1.3. Il richiamo alle norme del codice di procedura penale riguardanti la proposizione e la decisione dei ricorsi relativi all’applicazione delle misure di sicurezza, per la proposizione e la decisione dei ricorsi in materia di misure di prevenzione, aveva carattere residuale, come attestato dalla clausola di riserva (“Salvo quanto è stabilito nella presente legge “) contenuta nell’art. 4, comma 12 I. 1423/56; per questa ragione si è da sempre affermato che i termini di impugnazione relativi ai ricorsi in materia di applicazione di misure di prevenzione, in mancanza di qualsiasi rinvio alle norme generali, erano fissati in dieci giorni, decorrenti, sia per il proposto, sia per il difensore, dall’ultima delle comunicazioni effettuate (Sez. 1, n. 840 del 11/02/1998, COGNOME, Rv. 211016 – 01; Sez. 1, n. 20933 del 04/04/2003, COGNOME, Rv. 224422 – 01; Sez. 2, n. 40773 del 06/10/2005, COGNOME, Rv. 232598 – 01; Sez. 1, n. 38397 del 18/09/2009, COGNOME, Rv. 244836 – 01).

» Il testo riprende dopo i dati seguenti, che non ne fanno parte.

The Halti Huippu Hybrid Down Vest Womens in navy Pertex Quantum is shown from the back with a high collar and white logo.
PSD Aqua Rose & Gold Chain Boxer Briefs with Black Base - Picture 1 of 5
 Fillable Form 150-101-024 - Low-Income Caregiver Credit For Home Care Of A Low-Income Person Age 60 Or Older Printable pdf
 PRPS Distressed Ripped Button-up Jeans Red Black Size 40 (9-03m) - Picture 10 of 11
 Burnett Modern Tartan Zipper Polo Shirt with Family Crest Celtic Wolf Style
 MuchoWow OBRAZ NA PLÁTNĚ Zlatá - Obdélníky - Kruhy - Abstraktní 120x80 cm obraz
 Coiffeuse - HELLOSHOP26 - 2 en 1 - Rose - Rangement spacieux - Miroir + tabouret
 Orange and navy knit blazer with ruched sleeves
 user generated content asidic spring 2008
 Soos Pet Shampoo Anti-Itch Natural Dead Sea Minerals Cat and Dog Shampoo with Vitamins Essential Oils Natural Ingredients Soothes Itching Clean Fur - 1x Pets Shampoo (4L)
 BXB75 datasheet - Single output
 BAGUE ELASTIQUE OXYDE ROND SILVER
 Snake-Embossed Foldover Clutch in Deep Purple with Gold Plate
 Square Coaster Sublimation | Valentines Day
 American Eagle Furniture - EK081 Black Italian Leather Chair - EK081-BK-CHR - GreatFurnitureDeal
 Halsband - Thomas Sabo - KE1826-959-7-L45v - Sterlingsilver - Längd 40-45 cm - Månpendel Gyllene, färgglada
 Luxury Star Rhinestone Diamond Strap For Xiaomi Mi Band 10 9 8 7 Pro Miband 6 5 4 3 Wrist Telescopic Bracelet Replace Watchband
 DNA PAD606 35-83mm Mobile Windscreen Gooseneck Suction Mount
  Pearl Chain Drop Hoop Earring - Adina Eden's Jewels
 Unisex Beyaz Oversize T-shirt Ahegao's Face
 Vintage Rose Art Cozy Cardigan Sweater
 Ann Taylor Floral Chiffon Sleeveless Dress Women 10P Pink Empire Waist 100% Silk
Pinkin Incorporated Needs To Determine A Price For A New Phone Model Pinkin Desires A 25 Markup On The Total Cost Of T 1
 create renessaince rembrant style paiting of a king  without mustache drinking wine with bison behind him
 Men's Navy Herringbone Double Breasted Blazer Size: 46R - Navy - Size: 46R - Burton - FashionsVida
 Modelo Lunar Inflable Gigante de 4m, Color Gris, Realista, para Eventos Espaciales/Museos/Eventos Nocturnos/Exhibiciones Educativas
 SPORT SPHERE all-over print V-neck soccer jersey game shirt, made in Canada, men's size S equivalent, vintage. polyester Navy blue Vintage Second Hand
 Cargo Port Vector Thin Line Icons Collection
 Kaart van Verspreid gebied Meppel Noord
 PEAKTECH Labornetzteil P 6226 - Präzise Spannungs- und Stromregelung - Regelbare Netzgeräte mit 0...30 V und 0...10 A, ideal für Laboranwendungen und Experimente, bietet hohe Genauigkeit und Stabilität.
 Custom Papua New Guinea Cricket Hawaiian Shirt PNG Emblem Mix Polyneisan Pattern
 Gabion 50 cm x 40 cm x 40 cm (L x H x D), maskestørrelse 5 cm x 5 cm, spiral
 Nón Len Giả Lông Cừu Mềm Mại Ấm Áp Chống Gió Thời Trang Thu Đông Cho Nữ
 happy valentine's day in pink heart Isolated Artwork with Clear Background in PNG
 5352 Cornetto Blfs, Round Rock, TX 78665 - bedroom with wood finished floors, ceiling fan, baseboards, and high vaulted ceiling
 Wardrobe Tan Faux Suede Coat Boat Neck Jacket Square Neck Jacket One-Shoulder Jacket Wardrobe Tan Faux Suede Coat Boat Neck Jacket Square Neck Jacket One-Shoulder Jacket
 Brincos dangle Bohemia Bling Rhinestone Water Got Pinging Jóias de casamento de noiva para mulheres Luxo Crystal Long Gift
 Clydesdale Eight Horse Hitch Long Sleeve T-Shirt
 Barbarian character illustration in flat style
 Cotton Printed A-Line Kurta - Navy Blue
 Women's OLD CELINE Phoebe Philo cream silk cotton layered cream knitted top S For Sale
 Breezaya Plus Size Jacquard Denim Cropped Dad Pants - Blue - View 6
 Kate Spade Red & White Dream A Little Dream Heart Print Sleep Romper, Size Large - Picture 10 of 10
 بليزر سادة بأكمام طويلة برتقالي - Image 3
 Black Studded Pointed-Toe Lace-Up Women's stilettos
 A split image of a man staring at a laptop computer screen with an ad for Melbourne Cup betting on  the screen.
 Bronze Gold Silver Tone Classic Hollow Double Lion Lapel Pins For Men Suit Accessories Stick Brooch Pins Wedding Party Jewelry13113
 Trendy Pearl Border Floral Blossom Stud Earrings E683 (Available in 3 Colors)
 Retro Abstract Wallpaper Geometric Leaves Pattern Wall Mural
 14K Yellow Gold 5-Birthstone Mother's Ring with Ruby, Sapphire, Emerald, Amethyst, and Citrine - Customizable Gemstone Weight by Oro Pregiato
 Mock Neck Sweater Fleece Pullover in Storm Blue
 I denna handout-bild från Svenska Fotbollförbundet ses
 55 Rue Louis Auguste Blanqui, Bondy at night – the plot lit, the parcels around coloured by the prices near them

La Corte territoriale ha fatto corretto governo delle norme che regolano l’impugnazione dei provvedimenti in materia di misure di prevenzione, relativamente ai procedimenti instaurati prima dell’entrata in vigore del d. Igs. 159/2011; mentre il ricorrente finisce per confondere le discipline del nuovo codice antimafia (non applicabili, per le ragioni su ricordate) e del codice di rito, ex art 680 e ss., senza confrontarsi con la puntuale motivazione del decreto impugnato.
Alla declaratoria di inammissibilità del ricorso, consegue la condanna del ricorrente al pagamento delle spese processuali, nonché, ai sensi dell’art. 616 c.p.p., valutati i profili di colpa nella determinazione della causa di inammissibilit emergenti dal ricorso (Corte Cost. 13 giugno 2000, n. 186), al versamento della somma, che si ritiene equa, di euro tremila a favore della Cassa delle ammende.
Dichiara inammissibile il ricorso e condanna il ricorrente al pagamento delle spese processuali e della somma di euro tremila in favore della Cassa delle ammende.